_DIRECTIONS FOR THIS TASK_.
Repeat the records below exactly from the line containing "Single Attached House" to the line containing "Silicone Penis Extension - Capa extensora", taking in both of those lines. Drop the pictures.

_DATASET EXTRACT_.
== Segment start ==

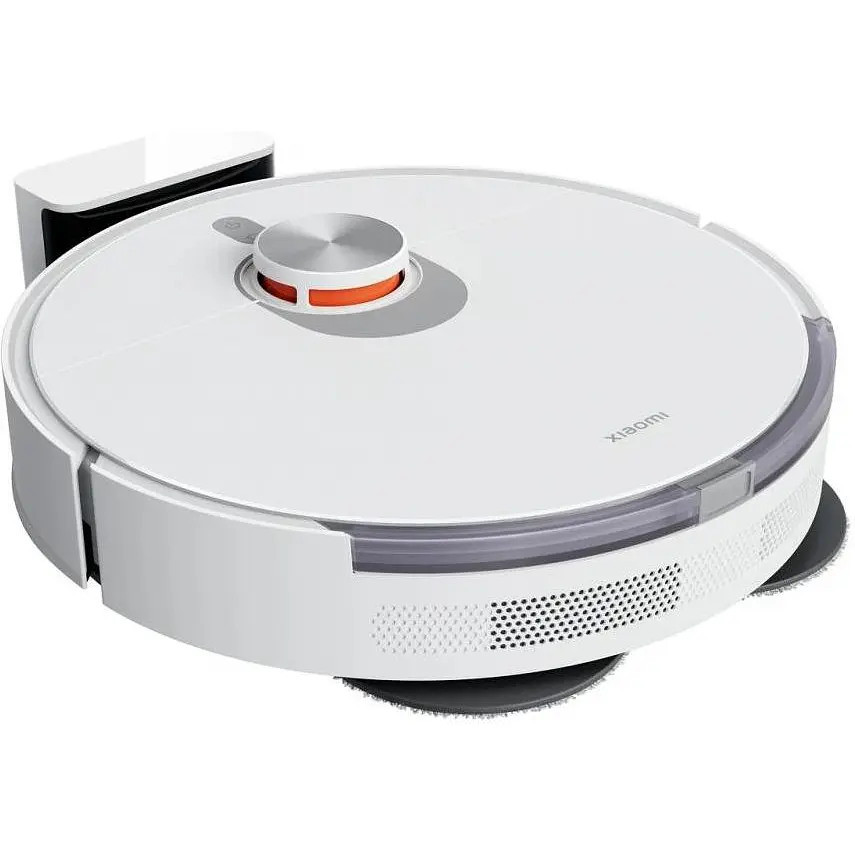 Робот-пилосос з вологим прибиранням Xiaomi Robot Vacuum S20+ White - фото 3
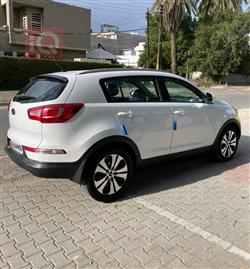 كيا سبورتاج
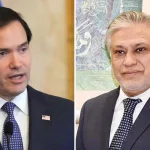 DPM Dar, Secretary Rubio discuss bilateral, regional matters
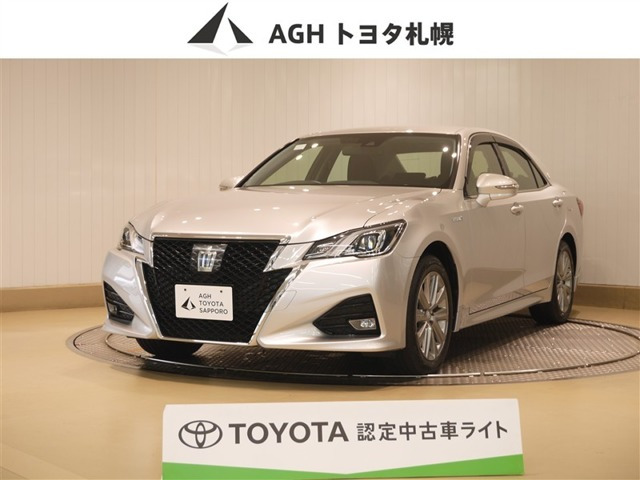 トヨタ クラウンアスリート 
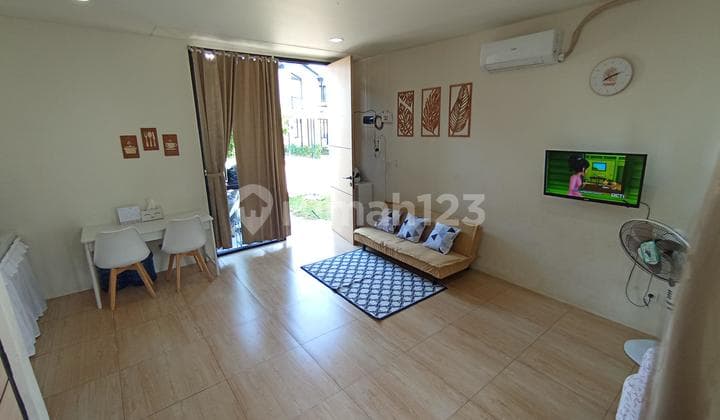 DISEWAKAN RUMAH 2 LANTAI FULL FURNIS AREA LIPPO CIKARANG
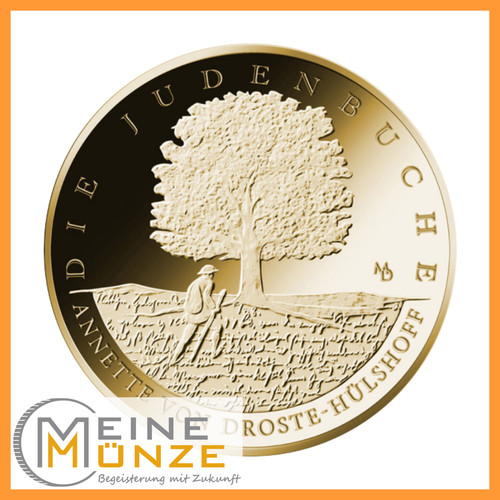 100 euro goldmünze 2026 die - 100,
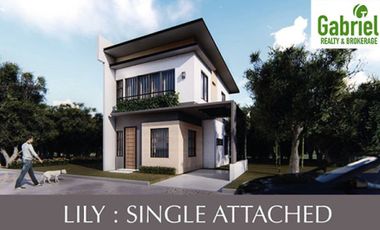 Single Attached House for Sale in Talisay, Elkwood Homes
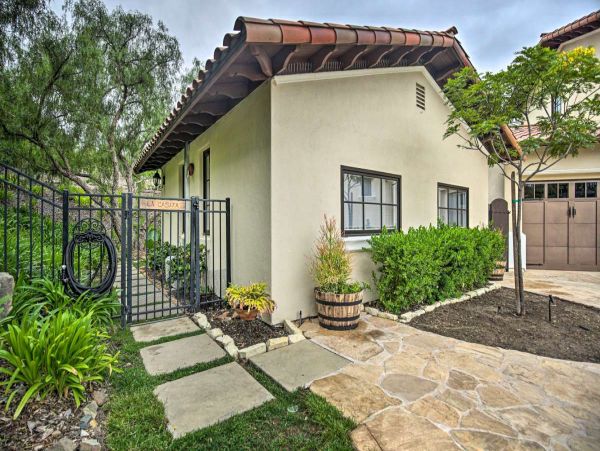 Rancho Santa Fe Home 998024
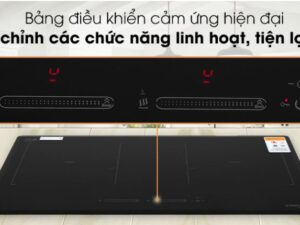 Sử dụng bảng điều khiển cảm ứng Slider Control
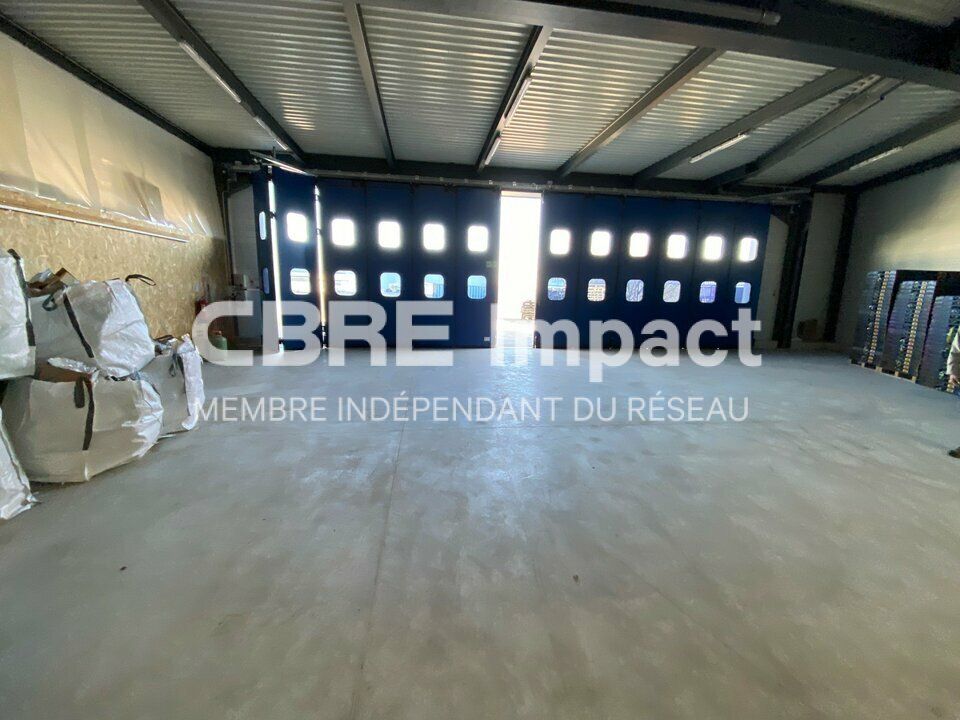 Location activité/entrepôt - 350 m²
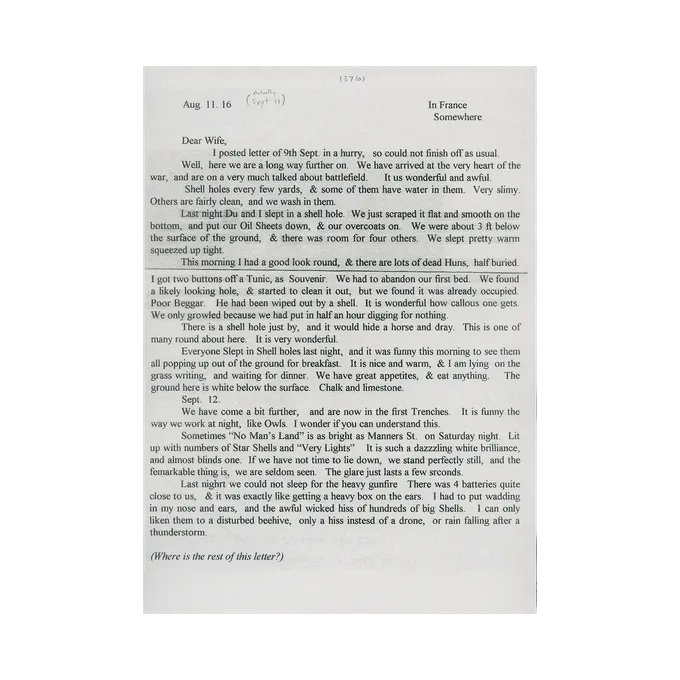 Page 1 of this letter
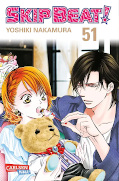Frontcover Skip Beat! 51
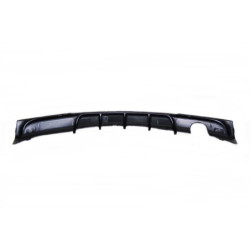 Diffuseur Arrière BMW F30 F31 Look M Performance II 1 Sortie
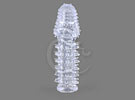 Silicone Penis Extension - Capa extensora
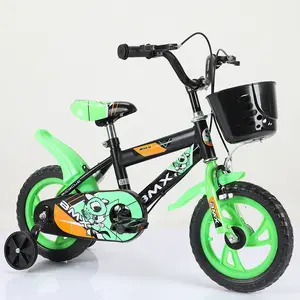 Good Quality 18 Inch Boys Bike Online Shop Kids Bikes China EVA Steel Kids Bicycle Bike Kids 7 to 9 Year Brake Line Matibay QB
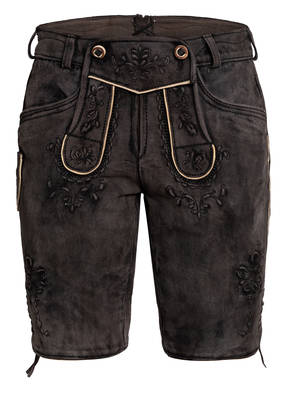 Spieth & Wensky Trachten-Lederhose NADIMA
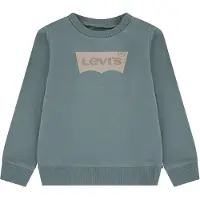 Levi's Kids Sweatshirt azul claro / greige / pedra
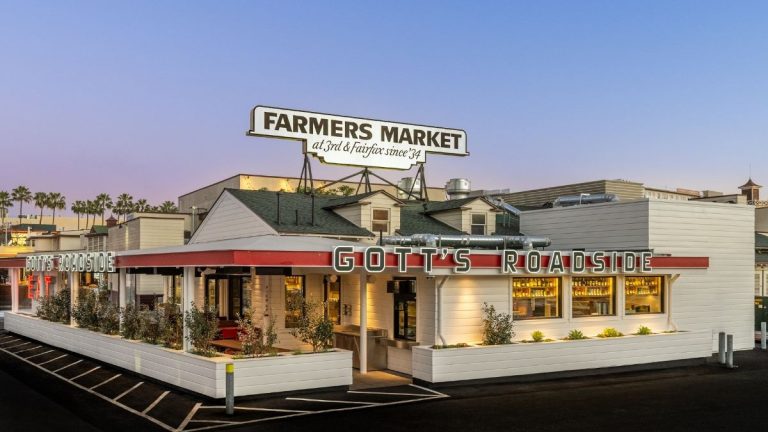 Bay Area Burger Favorite Announces March Opening at The Original Farmers Market
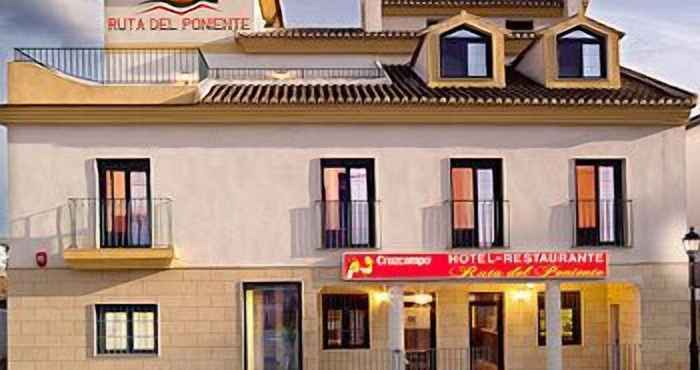 Lainnya Hotel Ruta Del Poniente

== Segment end ==

_RESPONSE TO THIS EXERCISE_.
 Single Attached House for Sale in Talisay, Elkwood Homes
 Rancho Santa Fe Home 998024
 Sử dụng bảng điều khiển cảm ứng Slider Control
 Location activité/entrepôt - 350 m²
 Page 1 of this letter
Frontcover Skip Beat! 51
 Diffuseur Arrière BMW F30 F31 Look M Performance II 1 Sortie
 Silicone Penis Extension - Capa extensora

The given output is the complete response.